Detroit pastor James Fadele, RCCG’s North American chairman, said the ministry’s goal is simply to reach the lost. “In the heart of every man is a vacuum [that] only God can fill,” Fadele said. “Be it America or Africa, our objective is to preach Christ to the people so as to fill the vacuum.
“Our goal is to plant churches within 10 minutes’ drive in every developed nation and within five minutes’ walk in every developing nation … until every nation in the world is reached for Jesus Christ our Lord.”
Fadele said the most misunderstood concept about RCCG is that the church, which was born in Africa and internationally draws a largely African attendance, must be only for Africans. “Every lost soul is a priority to the Lord,” he told Charisma. “The soul of the African, European and American are all of equal value and worth to God. Jesus died for every lost soul.”
RCCG reports more than 200 churches in the U.S. and between 2 million and 5 million members worldwide, with congregations in 90 nations. The church was founded in 1952 in Lagos, and is currently under the leadership of Enoch Adeboye. He has been quoted as saying the Floyd location was chosen because God told him to build there.
Each month, RCCG hosts an all-night prayer meeting at its Redemption Campground in Lagos that draws several hundred thousand people. Every December the RCCG Holy Ghost Congress reportedly draws around 7 million attendees.
Out of Africa, a 2004 Regal Books release edited by Global Harvest Ministries founder C. Peter Wagner and pastor Joseph Thompson, names RCCG as a significant leader in a burgeoning trend of Africans becoming missionaries to the U.S.
The book reports that Nigerians are planting more new churches outside their own country than Americans are planting outside theirs. It says Nigerians are creating larger churches-with an average of 500 members-than most American churches, which are comprised of 200 or fewer members.
It also reports that of the world’s six continents, Africa is experiencing the most accelerated rate of church growth-2.62 percent per year compared with .81 percent in North America.

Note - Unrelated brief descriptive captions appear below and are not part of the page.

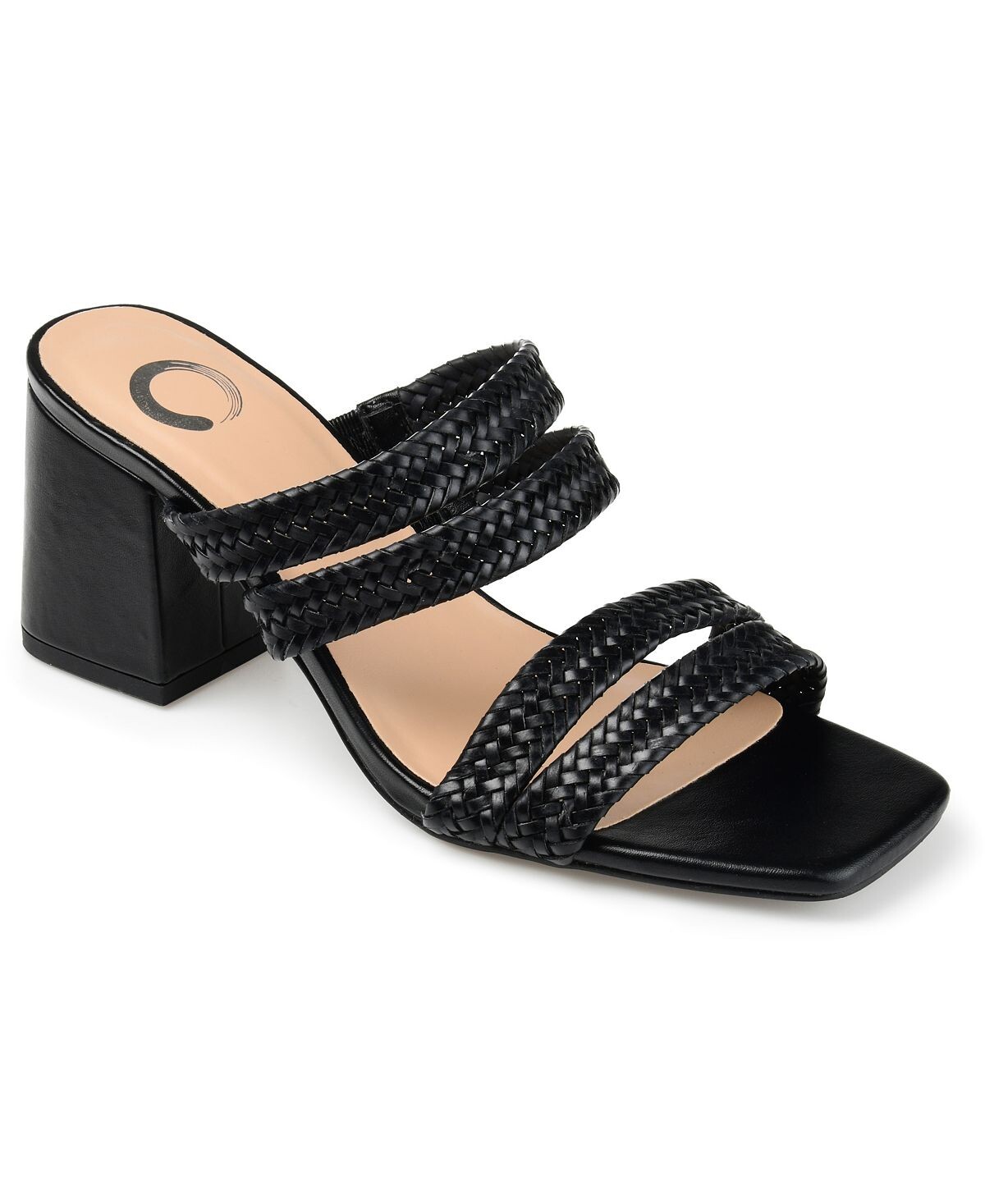 

Женские тканые сандалии Natia Journee Collection, черный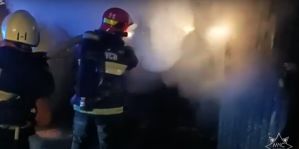 В гараже на Понемуньской в Гродно сгорели два автомобиля. Всего за сутки в области произошло 4 пожара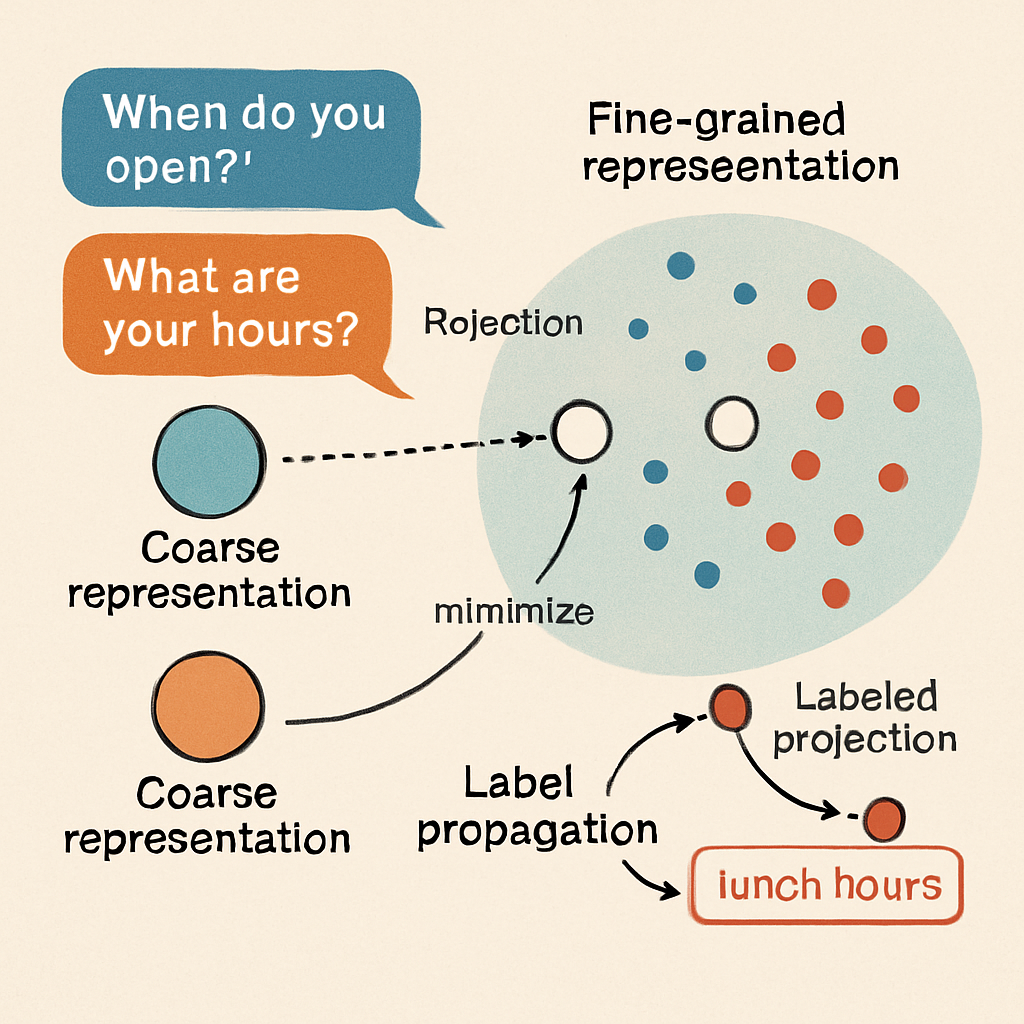 LABEL PROPAGATION USING CONTRASTIVE LEARNING PROJECTIONS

Thompson, a native Nigerian and former teaching pastor at New Life Church in Colorado Springs, Colo., said Africa’s history of military rule and corruption, civil war, famine and oppression, coupled with its current soaring crime rate, unemployment, and overpopulation have provided the impetus for its turn toward Christianity.
“The Bible is very clear that God uses people who are broken and hungry for Him,” said Thompson, whose own church, The Well in Lake Mary, Fla., is scheduled to launch in February.
“We have the West to thank for exposing us to the truth of Scripture,” Thompson added, “but then again, it is the mind-set of the West that has become a hindrance to the church in America-keeping Christians from being able to experience the full power of the Holy Spirit in their lives. Our first recourse is God, while for Westerners God is often the last recourse when every other means has failed.”
Thompson said the same African culture that once wrapped its arms around the power of witch doctors and the demonic today is more open to the spiritual aspects of Christianity. Although Westerners have a tendency to intellectualize miracles away, he said, Africans embrace them.
Some media have reported that plans for the Floyd campus include an elaborate Disneyland-like facility with a 10,000-seat sanctuary, lecture centers, dormitory, lake and Christian-themed water park-amenities similar to the ones at the church’s 18,000-acre Redemption City global headquarters in Lagos.
However, James Alao, overseer of the Floyd RCCG campus, said that as of press time nothing more specific than the initial building, which is structurally complete and features a 700-person meeting area and modest office facilities, has been confirmed.
The RCCG ministers’ conference Oct. 20-22 marked the first official gathering at the new Floyd headquarters. In June 2007 the Floyd campus will be the site of RCCG’s North American Convention.